The DLT of E7777 was evaluated during the first cycle, and the MTD was defined as the highest dose at which fewer than two of six patients experienced a DLT. If two patients experienced DLT at a particular dose level, an ISC was consulted to determine whether that dose could be considered the MTD. One dose reduction in the following cycle was allowed if a DLT or similar toxicity event occurred. The RD was comprehensively determined using the MTD and safety data. Furthermore, tumor CD25 expression was explored in this study.
2.2. Patient eligibility
The key inclusion criteria included: (i) age of 20‐79 years; (ii) histological or cytological diagnosis of PTCL or CTCL; (iii) relapsed or refractory disease after systemic therapy, including psoralen‐UV A radiation and retinoid; (iv) adequate renal (serum creatinine ≤1.5× ULN or calculated creatinine clearance ≥50 mL/min), hepatic (total bilirubin ≤1.5× ULN, serum albumin ≥3.0 g/dL, and AST or ALT ≤3.0× ULN) and hematologic (absolute neutrophil count ≥1.0×103/μL, platelet count ≥5.0 × 104/μL, and hemoglobin ≥8.0 g/dL) functions; (v) ECOG performance status of 0 or 1; and (vi) a life expectancy ≥3 months. The key exclusion criteria included: (i) central nervous system invasion with clinical symptoms or requiring treatment; (ii) serious or severe active infection requiring treatment; (iii) prior radiotherapy and chemotherapy within 4 weeks; (iv) prior antibody therapy within 3 months; (v) history of hypersensitivity to therapeutic protein; (vi) pleural effusions; (vii) relapse within 6 months of autologous hematopoietic stem cell transplantation; (viii) history of allogeneic hematopoietic stem cell transplantation; and (ix) pregnancy or breastfeeding. This study was undertaken in compliance with the Good Clinical Practice guidelines, the Declaration of Helsinki, and local laws. The study protocol was approved by the institutional review board of each institution, and all patients provided written informed consent prior to any study procedure.

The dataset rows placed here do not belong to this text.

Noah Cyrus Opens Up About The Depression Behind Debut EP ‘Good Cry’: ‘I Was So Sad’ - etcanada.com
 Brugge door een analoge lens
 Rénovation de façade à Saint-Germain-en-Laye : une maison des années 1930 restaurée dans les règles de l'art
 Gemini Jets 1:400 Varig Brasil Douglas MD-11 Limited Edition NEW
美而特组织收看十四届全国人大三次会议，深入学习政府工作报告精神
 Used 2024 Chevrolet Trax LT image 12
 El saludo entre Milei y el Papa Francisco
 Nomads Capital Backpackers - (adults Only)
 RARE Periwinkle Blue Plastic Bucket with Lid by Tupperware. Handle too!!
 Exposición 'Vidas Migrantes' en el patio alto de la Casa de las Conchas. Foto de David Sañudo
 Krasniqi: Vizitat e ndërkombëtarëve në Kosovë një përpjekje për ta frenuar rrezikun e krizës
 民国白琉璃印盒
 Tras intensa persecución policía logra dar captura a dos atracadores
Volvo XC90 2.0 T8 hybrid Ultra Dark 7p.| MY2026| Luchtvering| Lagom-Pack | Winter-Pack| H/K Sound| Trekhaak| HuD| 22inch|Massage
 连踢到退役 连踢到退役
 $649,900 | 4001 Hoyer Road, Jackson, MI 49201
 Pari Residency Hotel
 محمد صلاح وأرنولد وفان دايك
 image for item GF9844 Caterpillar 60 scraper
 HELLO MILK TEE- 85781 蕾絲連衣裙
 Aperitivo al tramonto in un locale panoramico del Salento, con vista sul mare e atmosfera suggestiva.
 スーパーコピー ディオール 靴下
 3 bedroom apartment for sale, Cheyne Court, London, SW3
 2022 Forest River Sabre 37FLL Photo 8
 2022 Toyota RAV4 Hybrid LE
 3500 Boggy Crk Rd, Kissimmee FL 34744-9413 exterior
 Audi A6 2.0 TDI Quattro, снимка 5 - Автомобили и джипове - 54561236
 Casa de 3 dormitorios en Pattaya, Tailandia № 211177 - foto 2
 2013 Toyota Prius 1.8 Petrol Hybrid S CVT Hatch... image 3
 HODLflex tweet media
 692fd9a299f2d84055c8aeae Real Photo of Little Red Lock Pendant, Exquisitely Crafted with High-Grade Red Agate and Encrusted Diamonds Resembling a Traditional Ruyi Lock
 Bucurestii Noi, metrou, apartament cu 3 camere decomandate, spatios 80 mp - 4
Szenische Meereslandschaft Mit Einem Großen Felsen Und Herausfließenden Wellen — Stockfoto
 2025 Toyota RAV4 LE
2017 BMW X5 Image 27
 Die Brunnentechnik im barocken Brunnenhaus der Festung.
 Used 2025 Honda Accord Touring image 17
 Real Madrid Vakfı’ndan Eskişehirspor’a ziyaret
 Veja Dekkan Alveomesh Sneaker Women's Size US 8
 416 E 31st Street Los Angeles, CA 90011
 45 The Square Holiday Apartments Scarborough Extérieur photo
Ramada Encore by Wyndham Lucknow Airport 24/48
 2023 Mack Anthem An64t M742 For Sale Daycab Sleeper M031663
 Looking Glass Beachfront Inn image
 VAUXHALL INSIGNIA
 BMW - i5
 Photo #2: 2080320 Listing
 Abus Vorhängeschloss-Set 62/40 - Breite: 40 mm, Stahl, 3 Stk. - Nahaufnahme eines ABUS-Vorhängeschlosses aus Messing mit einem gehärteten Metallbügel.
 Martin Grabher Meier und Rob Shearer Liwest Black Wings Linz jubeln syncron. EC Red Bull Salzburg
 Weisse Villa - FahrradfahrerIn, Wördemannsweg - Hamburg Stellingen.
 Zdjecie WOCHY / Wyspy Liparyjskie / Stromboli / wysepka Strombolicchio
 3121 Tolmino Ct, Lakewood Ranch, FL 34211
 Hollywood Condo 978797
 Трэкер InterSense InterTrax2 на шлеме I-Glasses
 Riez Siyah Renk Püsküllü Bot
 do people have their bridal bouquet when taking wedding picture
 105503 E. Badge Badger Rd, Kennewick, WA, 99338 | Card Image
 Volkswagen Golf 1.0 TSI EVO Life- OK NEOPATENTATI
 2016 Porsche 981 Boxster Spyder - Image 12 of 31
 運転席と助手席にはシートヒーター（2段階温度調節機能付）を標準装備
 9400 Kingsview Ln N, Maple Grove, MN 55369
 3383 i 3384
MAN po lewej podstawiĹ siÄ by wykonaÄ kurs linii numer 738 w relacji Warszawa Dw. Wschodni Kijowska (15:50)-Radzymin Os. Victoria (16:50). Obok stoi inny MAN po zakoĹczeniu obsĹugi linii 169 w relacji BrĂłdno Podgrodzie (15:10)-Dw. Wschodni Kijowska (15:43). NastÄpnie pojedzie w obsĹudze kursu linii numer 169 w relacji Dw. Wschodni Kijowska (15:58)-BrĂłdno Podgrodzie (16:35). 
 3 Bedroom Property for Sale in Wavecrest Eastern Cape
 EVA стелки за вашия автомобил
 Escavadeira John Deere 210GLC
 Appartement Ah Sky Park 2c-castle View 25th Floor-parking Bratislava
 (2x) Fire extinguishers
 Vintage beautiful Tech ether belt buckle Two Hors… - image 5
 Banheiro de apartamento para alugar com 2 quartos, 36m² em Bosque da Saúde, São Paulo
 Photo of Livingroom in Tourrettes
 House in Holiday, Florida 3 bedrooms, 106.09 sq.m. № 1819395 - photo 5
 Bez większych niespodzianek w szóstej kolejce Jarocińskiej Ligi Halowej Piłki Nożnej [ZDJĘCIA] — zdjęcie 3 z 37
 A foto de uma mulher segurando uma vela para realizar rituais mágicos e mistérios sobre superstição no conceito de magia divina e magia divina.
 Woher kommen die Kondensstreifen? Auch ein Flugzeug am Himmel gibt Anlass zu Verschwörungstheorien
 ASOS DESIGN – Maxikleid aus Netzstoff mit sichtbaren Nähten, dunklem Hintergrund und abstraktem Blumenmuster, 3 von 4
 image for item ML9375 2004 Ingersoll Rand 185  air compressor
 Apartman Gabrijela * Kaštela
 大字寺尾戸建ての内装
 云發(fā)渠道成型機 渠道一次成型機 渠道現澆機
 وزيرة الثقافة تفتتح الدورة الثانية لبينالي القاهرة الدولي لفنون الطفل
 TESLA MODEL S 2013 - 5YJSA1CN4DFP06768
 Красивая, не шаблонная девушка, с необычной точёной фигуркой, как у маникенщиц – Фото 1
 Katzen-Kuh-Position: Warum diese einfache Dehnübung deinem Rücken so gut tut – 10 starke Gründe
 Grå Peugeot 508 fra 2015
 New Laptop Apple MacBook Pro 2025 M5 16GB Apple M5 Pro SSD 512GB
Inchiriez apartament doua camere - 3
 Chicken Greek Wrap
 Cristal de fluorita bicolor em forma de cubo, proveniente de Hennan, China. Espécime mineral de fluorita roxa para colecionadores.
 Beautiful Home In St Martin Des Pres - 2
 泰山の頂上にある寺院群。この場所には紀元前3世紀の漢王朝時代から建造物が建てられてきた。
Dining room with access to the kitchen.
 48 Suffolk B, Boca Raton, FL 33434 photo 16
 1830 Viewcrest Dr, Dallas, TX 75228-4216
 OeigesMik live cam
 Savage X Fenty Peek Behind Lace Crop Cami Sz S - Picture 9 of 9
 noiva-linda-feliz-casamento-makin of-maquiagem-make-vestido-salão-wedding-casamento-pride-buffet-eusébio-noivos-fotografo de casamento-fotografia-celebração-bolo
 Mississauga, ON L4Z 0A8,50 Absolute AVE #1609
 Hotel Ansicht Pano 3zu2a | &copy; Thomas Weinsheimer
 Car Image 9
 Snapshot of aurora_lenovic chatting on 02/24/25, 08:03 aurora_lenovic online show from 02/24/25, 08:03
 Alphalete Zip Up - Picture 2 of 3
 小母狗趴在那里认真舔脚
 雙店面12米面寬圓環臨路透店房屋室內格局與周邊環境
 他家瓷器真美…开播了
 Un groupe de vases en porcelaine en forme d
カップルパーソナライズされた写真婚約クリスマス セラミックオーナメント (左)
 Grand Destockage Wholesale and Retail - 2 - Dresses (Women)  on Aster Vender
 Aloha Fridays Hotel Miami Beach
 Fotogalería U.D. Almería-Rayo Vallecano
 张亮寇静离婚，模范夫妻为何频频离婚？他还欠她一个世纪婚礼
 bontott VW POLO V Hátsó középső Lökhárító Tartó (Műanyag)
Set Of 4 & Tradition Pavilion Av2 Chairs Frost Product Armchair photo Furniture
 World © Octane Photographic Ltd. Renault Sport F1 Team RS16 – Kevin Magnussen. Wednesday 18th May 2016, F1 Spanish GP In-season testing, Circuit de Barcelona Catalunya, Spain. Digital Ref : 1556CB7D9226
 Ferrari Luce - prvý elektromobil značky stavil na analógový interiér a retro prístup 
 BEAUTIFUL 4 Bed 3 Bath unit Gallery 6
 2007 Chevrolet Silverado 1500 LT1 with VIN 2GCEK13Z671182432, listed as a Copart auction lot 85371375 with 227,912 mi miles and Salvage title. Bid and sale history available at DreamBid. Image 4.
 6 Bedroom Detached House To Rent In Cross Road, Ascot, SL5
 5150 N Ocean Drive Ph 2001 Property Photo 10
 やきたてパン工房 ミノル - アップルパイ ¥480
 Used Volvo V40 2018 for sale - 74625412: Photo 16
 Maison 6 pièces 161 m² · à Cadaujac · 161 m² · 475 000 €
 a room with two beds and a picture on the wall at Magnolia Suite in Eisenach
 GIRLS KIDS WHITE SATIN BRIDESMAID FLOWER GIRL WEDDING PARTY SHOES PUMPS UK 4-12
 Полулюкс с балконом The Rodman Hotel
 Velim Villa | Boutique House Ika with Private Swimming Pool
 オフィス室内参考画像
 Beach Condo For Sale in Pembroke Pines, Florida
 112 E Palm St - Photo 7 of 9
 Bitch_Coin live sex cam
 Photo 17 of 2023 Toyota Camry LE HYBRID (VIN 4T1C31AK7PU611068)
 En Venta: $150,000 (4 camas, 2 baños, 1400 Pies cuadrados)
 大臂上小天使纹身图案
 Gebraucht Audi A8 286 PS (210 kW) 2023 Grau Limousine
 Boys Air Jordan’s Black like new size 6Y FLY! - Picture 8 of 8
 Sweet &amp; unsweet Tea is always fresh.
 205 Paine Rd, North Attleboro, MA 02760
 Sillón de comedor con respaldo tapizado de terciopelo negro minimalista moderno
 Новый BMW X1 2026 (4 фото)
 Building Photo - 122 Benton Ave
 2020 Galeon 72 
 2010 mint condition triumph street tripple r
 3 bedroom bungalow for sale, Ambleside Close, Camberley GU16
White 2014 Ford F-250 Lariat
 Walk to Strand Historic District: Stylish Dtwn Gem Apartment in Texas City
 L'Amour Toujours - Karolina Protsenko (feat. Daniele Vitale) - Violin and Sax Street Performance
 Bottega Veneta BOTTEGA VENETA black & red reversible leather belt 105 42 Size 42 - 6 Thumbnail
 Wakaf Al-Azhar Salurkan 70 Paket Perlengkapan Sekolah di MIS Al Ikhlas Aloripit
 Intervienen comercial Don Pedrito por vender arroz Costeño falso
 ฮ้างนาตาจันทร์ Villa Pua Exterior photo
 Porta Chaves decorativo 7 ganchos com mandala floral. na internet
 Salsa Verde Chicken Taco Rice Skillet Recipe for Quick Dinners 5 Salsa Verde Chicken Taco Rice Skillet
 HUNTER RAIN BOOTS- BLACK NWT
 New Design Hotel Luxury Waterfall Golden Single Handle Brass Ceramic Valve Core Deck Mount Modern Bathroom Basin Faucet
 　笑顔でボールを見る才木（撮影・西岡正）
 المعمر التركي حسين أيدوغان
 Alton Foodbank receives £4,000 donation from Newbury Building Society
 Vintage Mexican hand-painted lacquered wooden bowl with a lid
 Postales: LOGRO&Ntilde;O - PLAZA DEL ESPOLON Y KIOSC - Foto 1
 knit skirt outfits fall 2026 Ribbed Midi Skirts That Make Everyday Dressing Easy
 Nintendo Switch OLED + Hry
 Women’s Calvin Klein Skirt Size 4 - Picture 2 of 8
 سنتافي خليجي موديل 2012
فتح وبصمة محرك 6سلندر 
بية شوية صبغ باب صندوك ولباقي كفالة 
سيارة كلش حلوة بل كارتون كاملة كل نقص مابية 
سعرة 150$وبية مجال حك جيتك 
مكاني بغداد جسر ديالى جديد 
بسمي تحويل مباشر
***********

2.3. Dose‐limiting toxicity definition
The following toxicities were regarded as DLTs if they occurred in cycle 1 and were potentially related to the study treatment: (i) grade 4 neutropenia and leukopenia lasting ≥7 days; (ii) grade 4 thrombocytopenia and grade 3 thrombocytopenia requiring platelet transfusion; (iii) other grade 4 hematological toxicities; (iv) grade 3 or 4 non‐hematological toxicities except for grade 3 nausea, vomiting, or diarrhea controlled by anti‐emetic or antidiarrheal drugs; (v) grade 3 or 4 infusion‐related reactions except the case recovering to ≤grade 2 within 24 h; and (vi) capillary leak syndrome requiring inpatient hospitalization for medical treatment other than fluid replacement. According to the ISC recommendation, the DLT definition was modified after investigating a 12‐μg/kg/day cohort so as to exclude grade 4 lymphopenia, grade 3 hepatic enzyme abnormalities that recovered to grade ≤2, and any other asymptomatic grade 3 clinical abnormal laboratory results that recovered within 7 days.
2.4. Safety
Safety assessments were undertaken throughout the study to address AEs, vital signs, body weight, 12‐lead electrocardiogram data, concomitant medication use, clinical laboratory values (hematology, blood biochemistry, and urinalysis), and ophthalmological findings. Adverse event severity was classified using the Common Terminology Criteria for Adverse Events, version 4.0. Ophthalmological examinations were carried out at screening, on day 15 of an odd‐numbered cycle, and if clinically indicated.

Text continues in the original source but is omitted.